Extend Level 1 by implementing transform-domain quantization and coding.

### Implemented Components

- Scalar quantization
- Dequantization
- Basic bitstream formatting
- Integration into encoder/decoder pipeline:
  - `aac_coder_2()`
  - `i_aac_coder_2()`
- Demo:
  - `demo_aac_2()`

### Validation

- SNR-based quality evaluation
- Consistency tests between quantizer and inverse quantizer
- End-to-end reconstruction tests

This level introduces compression and controlled signal degradation.

---

## Level 3 – Psychoacoustic Model & Perceptual Coding

### Goal

Incorporate perceptual modeling to improve compression efficiency.

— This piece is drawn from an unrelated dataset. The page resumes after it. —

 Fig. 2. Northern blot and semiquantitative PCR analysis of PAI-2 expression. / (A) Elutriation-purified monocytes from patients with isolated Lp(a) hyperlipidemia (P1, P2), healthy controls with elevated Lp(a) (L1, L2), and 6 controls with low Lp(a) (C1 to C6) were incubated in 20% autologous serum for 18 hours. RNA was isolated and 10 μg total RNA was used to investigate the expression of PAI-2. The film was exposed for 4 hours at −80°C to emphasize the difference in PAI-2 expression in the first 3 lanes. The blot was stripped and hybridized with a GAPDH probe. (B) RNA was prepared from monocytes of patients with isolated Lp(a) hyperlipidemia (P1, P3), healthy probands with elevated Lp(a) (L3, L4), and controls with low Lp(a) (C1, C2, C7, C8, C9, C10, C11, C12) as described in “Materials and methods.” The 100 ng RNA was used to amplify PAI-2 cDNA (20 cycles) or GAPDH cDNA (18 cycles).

### Implemented Components

- Psychoacoustic model
- Masking threshold estimation
- TNS (Temporal Noise Shaping)
- Adaptive quantization
- Full encoding/decoding pipeline:
  - `aac_coder_3()`
  - `i_aac_coder_3()`
- Demo:
  - `demo_aac_3()`

### Validation

- Perceptual improvements compared to Level 2
- Stability tests
- End-to-end evaluation

This level approximates a simplified perceptual AAC-like encoder.

---

# How to Run

All commands assume you are inside:

```
source/
```

---

## Run Level Demo

Navigate to the desired level:

```
cd source/level_x
```

Run:

```bash
python -m level_x <input.wav> <output.wav>
```

Example:

```bash
python -m level_1 material/LicorDeCalandraca.wav material/LicorDeCalandraca_out.wav
```

The demo prints:

- Overall SNR (dB)
- Processing information

---

# Running Tests

Tests are written using `pytest`.

A `pytest.ini` file is included in `source/` to ensure proper module resolution.

From inside `source/`:

```bash
pytest -v
```

Run specific level tests:

```bash
pytest -v level_1/tests
pytest -v level_2/tests
pytest -v level_3/tests
```

Run a specific test file:

```bash
pytest -v level_1/tests/test_SSC.py
```

---

# Reproducibility

- Python version: 3.x
- Tests validated with `pytest`
- No external dependencies beyond assignment requirements
- Deterministic pipeline execution

---

# Disclaimer

This project was developed solely for educational purposes as part of the Multimedia course at AUTh.
It is provided **"as is"**, without any express or implied warranties.
The author assumes no responsibility for any misuse, data loss, security incidents, or damages resulting from the use of this software.
This implementation should not be used in production environments.

All work, modifications, and results are the sole responsibility of the author.